AIと「盛り」:プリクラやInstagramの「自撮り」を経て、未来の「美人」はAIが作るのか?
MORI4.0
ところで「MORI3.0」では、自分を含む「シーン」を「自撮り」し、SNSで見せ合うようになったと述べた。そこでは自分の「顔」を見せないことが増えた。なぜ「顔」を見せないのか、機会あるごとに、ユーザーたちに話を聞いている。 近年、「顔」よりも見せたいものとして挙がるのが、「雰囲気」や「バイブス」という言葉だ。今月、女子大学で私が担当している授業の生徒たちに聞いたときも、SNSでは「顔」を見せないと答えた13人のうちの5人が、その理由は「顔」より「雰囲気」を見せたいからだと述べた。「雰囲気」はその人の外側から発するもの、「バイブス」はその人の内側から発するものを表すと考えられ、いずれも感覚的で、形のないものだ。 「AI」の技術は、そのような形のないものを「センシング」したり「ディスプレイ」したりすることに貢献する。SNSは、すでにユーザーの「好きなこと」を認識しているが、さらにユーザーの好きな「雰囲気」や「バイブス」も認識できるだろう。画像生成AIツールは、入力する「プロンプト」次第で、無限に多様なものも視覚化できる。最適な「プロンプト」を入力できれば、ユーザーが視覚化したい「雰囲気」や「バイブス」も視覚化できる。

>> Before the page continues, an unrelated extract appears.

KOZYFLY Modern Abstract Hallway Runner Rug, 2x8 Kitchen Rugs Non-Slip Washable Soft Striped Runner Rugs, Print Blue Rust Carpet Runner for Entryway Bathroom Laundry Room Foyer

「AI」の技術の支援を受けて、「自撮り」や「盛り」の対象は、自分の「雰囲気」や「バイブス」になるのではないか。そこに人工的で相対的な「自分らしさ」を投影し、「雰囲気」や「バイブス」を共有する人同士で、コミュニケーションすることが進むのではないか。 このように、「自撮り」や「盛り」に親しむ人が今求めていることと、「AI」の技術が貢献することは、合致している。それにも関わらず、「自撮り」や「盛り」のユーザーが求めないことに、「AI」の技術がいま利用がされているのは、なぜだろうか。 人は、自分を材料にするものづくりの方が好きな人と、自分の外にあるものを材料にするものづくりの方が好きな人に、分かれるのではないか。「自撮り」や「盛り」に親しむ人には前者が多く、技術者には後者が多いのではないかと考える。技術者に憧れた私も後者である。だから技術は、後者のニーズに応えるツールの開発が先に進み、前者のニーズに応えるツールの開発が後回しになりやすい。「AI」の技術は、まだその第一段階にあるのだと考える。 いま、次々と公開されている画像生成AIのツールは、それを示す。新しく公開されるツールを私も色々試しているが、どれも「自撮り」や「盛り」に適していない。自分の顔に固定することや、化粧だけを変化させることができないのだ。もちろん、Stable Diffusionのようなオープンな開発環境を利用して、自らツールを作れば可能になるだろう。いっぽう、たとえば、空想の美少女を生成することは日進月歩で簡単になっている。 ただし、簡単さばかりが、求められてはいない。MORI1.0からMORI3.0までの歴史が明らかにしたのは、「盛り」のユーザーに普及するツールは、「間口が広く、奥が深い」ものだということだ。それによって、人工的で相対的な「自分らしさ」を見せ合うコミュニケーションが活性化する。プリクラは象徴的だ。 それに対し、いま、「自撮り」や「盛り」に使われているスマホアプリの「AI」機能は、ワンタッチで画像処理できて簡単過ぎる。それよりも、画像処理をしない「Be Real」のほうが難しく、コミュニケーションを活性化している。つまり、現状の「AI」を利用した画像処理のツールは、スマホでワンタッチで操作できるような「間口は広いが、奥が浅い」ものか、プログラミングを要するような「奥が深いが、間口が狭い」もののどちらかなのだ。 プリクラメーカはユーザインタビューを積み重ね、技術者とユーザとが常に連携しながら、「盛り」の技術を開発してきた。「AI」技術を活かした「MORI4.0」の時代が来るのは、「盛り」のユーザと技術者が連携した時ではないか。いや、その前に、「盛り」のユーザーが技術者になる時が来るかもしれない。 *1── フランスの企業BeReal社が公開したSNSアプリ。ユーザーに対して毎日異なる時間に通知を送り、その瞬間に前後のカメラで撮影した写真をシェアすることを促す。画像処理をしない「リアル」な写真を見せ合うことを特徴としている。 *2── 韓国の企業SNOW Corporationが公開した写真・動画加工アプリ。豊富なフィルターやスタンプ、ARエフェクトを使っうことができる。 *3── OpenAIが開発した画像生成AIツール。 *4── Midjourney社が開発した画像生成AIツール。 *5── Stability AIが開発した画像生成AIツール。開発プロセスがオープンで、多くの研究者や開発者が参加しやすい環境が整っている。 *6── 人間が日常的に使う言語のこと。自然言語処理(NLP: Natural Language Processing)技術により、コンピュータが理解し、解析可能になる。 *7── ここでは、ユーザーが画像生成AIに対して与える命令や指示。通常、自然言語で記述する。